* **Your goal**: Repeat each entry word for word.

* **Material shown**:
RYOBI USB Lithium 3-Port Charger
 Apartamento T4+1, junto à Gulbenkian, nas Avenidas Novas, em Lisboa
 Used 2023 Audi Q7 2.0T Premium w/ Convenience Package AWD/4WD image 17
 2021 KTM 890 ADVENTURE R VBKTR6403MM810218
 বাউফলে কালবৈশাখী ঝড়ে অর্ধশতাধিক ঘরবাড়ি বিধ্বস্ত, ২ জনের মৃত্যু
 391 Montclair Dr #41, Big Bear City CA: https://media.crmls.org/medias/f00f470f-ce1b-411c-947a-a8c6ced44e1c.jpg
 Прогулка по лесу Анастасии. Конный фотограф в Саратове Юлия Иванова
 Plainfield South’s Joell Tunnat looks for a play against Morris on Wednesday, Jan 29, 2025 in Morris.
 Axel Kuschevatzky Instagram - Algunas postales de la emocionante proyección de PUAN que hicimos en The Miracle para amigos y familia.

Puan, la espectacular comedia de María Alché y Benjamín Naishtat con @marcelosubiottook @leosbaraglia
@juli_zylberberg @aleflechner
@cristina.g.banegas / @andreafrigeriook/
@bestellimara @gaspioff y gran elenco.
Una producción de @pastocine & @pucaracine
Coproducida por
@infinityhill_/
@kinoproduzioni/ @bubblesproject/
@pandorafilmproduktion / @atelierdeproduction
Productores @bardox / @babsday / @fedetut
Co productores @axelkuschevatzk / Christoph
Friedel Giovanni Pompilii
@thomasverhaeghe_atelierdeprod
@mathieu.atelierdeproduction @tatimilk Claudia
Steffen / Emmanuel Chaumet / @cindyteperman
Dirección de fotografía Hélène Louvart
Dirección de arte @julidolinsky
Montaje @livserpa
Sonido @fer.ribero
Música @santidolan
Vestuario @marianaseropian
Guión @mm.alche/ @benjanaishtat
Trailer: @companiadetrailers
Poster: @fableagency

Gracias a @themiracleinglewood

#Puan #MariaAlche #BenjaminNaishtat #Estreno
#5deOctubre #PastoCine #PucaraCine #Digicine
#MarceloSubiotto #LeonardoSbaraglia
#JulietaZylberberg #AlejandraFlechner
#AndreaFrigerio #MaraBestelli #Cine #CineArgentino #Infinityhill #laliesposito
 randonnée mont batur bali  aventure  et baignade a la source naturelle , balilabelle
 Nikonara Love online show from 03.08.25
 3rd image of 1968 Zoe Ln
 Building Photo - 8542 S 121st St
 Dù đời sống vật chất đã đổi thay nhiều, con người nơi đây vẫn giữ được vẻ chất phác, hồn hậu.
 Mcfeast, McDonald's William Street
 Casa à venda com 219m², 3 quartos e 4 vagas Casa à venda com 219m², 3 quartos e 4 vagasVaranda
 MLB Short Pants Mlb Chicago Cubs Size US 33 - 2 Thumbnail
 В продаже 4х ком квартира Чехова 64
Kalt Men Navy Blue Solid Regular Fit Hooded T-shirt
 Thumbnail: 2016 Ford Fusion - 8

* **Written response**:
RYOBI USB Lithium 3-Port Charger
 Apartamento T4+1, junto à Gulbenkian, nas Avenidas Novas, em Lisboa
 Used 2023 Audi Q7 2.0T Premium w/ Convenience Package AWD/4WD image 17
 2021 KTM 890 ADVENTURE R VBKTR6403MM810218
 বাউফলে কালবৈশাখী ঝড়ে অর্ধশতাধিক ঘরবাড়ি বিধ্বস্ত, ২ জনের মৃত্যু
 391 Montclair Dr #41, Big Bear City CA: https://media.crmls.org/medias/f00f470f-ce1b-411c-947a-a8c6ced44e1c.jpg
 Прогулка по лесу Анастасии. Конный фотограф в Саратове Юлия Иванова
 Plainfield South’s Joell Tunnat looks for a play against Morris on Wednesday, Jan 29, 2025 in Morris.
 Axel Kuschevatzky Instagram - Algunas postales de la emocionante proyección de PUAN que hicimos en The Miracle para amigos y familia.

Puan, la espectacular comedia de María Alché y Benjamín Naishtat con @marcelosubiottook @leosbaraglia
@juli_zylberberg @aleflechner
@cristina.g.banegas / @andreafrigeriook/
@bestellimara @gaspioff y gran elenco.
Una producción de @pastocine & @pucaracine
Coproducida por
@infinityhill_/
@kinoproduzioni/ @bubblesproject/
@pandorafilmproduktion / @atelierdeproduction
Productores @bardox / @babsday / @fedetut
Co productores @axelkuschevatzk / Christoph
Friedel Giovanni Pompilii
@thomasverhaeghe_atelierdeprod
@mathieu.atelierdeproduction @tatimilk Claudia
Steffen / Emmanuel Chaumet / @cindyteperman
Dirección de fotografía Hélène Louvart
Dirección de arte @julidolinsky
Montaje @livserpa
Sonido @fer.ribero
Música @santidolan
Vestuario @marianaseropian
Guión @mm.alche/ @benjanaishtat
Trailer: @companiadetrailers
Poster: @fableagency

Gracias a @themiracleinglewood

#Puan #MariaAlche #BenjaminNaishtat #Estreno
#5deOctubre #PastoCine #PucaraCine #Digicine
#MarceloSubiotto #LeonardoSbaraglia
#JulietaZylberberg #AlejandraFlechner
#AndreaFrigerio #MaraBestelli #Cine #CineArgentino #Infinityhill #laliesposito
 randonnée mont batur bali  aventure  et baignade a la source naturelle , balilabelle
 Nikonara Love online show from 03.08.25
 3rd image of 1968 Zoe Ln
 Building Photo - 8542 S 121st St
 Dù đời sống vật chất đã đổi thay nhiều, con người nơi đây vẫn giữ được vẻ chất phác, hồn hậu.
 Mcfeast, McDonald's William Street
 Casa à venda com 219m², 3 quartos e 4 vagas Casa à venda com 219m², 3 quartos e 4 vagasVaranda
 MLB Short Pants Mlb Chicago Cubs Size US 33 - 2 Thumbnail
 В продаже 4х ком квартира Чехова 64
Kalt Men Navy Blue Solid Regular Fit Hooded T-shirt
 Thumbnail: 2016 Ford Fusion - 8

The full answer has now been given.